EDIT: AFAICT the LLVM LangRef does not provide any constant-time guarantees for icmp/fcmp :confused:


#64

I like your contributions. If you want your words to remain visible to the Rust community for future reference, you’d need to stick the LLVM discussion in its own thread. Otherwise, this LLVM discussion will just be repeated another time with no real visibility on what was said here because it’s hidden in another thread.


#65

There is an rfc issue open: https://github.com/rust-lang/rfcs/issues/847 So maybe we can move the discussion there?


#66

A security WG would be great. One of its functions could be to catalogue all the wonderful security things people are working on, so as to streamline the work and increase co-operation. This would also ensure individual work is ‘productised’ and rounded off to be a) documented well b) easy to use c) has visibility in the standard documentation. d) maintained by a group.

I would add a top-three goal of the WG to be Education.

The Rust Programming Book should have a Security chapter covering common memory exploits, DoS attacks, Crate malicious code injection (were a crate is crafted to perform a useful function but the code has back door - effectively “how to spot a Trojan Horse crate”) or similar exploits. Also an introduction to performance vs “Safe Performance” unsafe code, secure Web App code examples as mentioned earlier, and, lastly, Crypto implementations. exercism.io should get a handful of security examples too.

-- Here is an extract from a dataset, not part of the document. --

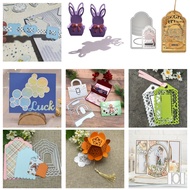 Top-Selling 9 Styles Metal Die Cuts for Card Making,DIY Handmade Scrapbook Crafts Stencil, Dies Cutt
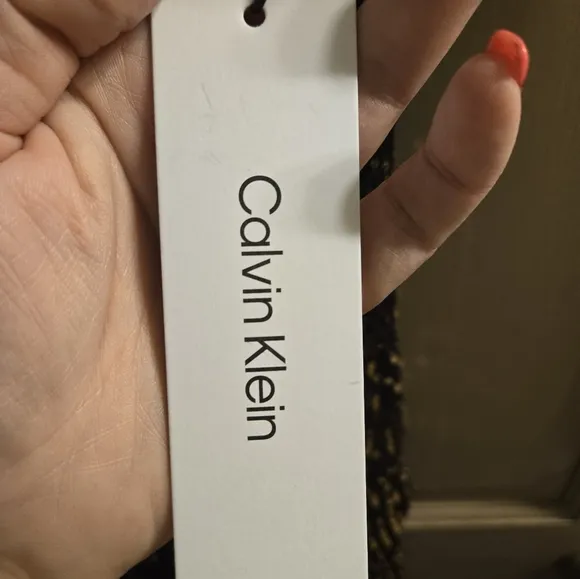 New Calvin Klein 20w sequin dress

In summary: Co-ordination for co-operation and long-term reliability with less duplication of effort and code. Education so that the Security WG doesn’t have to keep fixing the same common mistakes, and so programmers can be introduced to how easy it is to hack badly written code.


#67

Here’s an idea: the Security WG should produce a book in two year’s time with a title like: “Secure Rust: Programming unhackable applications for the first time since the invention of the internet”.

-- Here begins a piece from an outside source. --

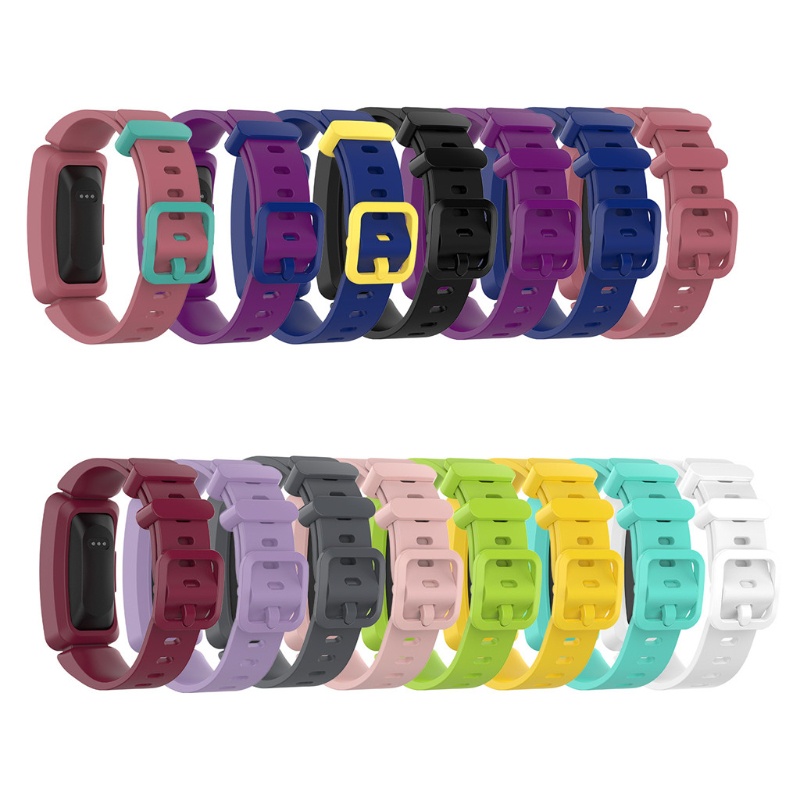 Dây Đeo Silicone Chống Nước &amp; Mồ Hôi Cho Đồng Hồ Fitbit-Ace3 / ACE2 / inspire / inspire HR-Watch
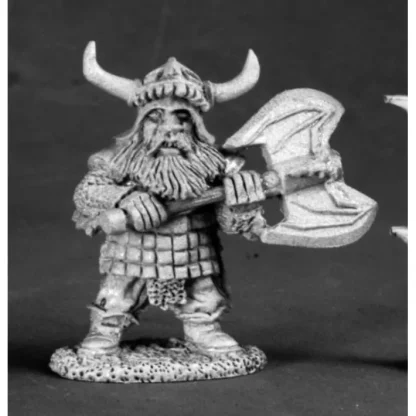 Reaper Miniatures Thurge Threeforge Dwarf Hero 03550 Dark Heaven Unpainted Mini - Your Source for Gaming Essentials Cheap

The intro should start with two or three examples of common hacks, like where a ‘highly secure’ environment was hacked and totally pwned starting with a weaponised doc delivered with a sprinkle of social engineering.

Then everything that the Security WG has been working on and want to show the Rust community can be put in there.


#68

The Security WG should also periodically Red-Team a handful of Crates and award points for security. C/C++ libraries would, at best, come out with results such as: A for “totally pwned”, B for “absolutely totally pwned” C for “supercalifragilisticexpialidociously pwned”.

Hopefully, Rust Crates can have a much better scale: A for less than 2 per 1k lines DoS & Mem corruption; B less than 4; C less than 6.

Results can go on to a Security WG “Wall of fame/shame”.


#69

Having good examples to point to and documented is very useful for establishing good code habits. If most of the community documentation and blog posts uses the security standards, then developers new to Rust are less likely to make catastrophic mistakes by inexperience.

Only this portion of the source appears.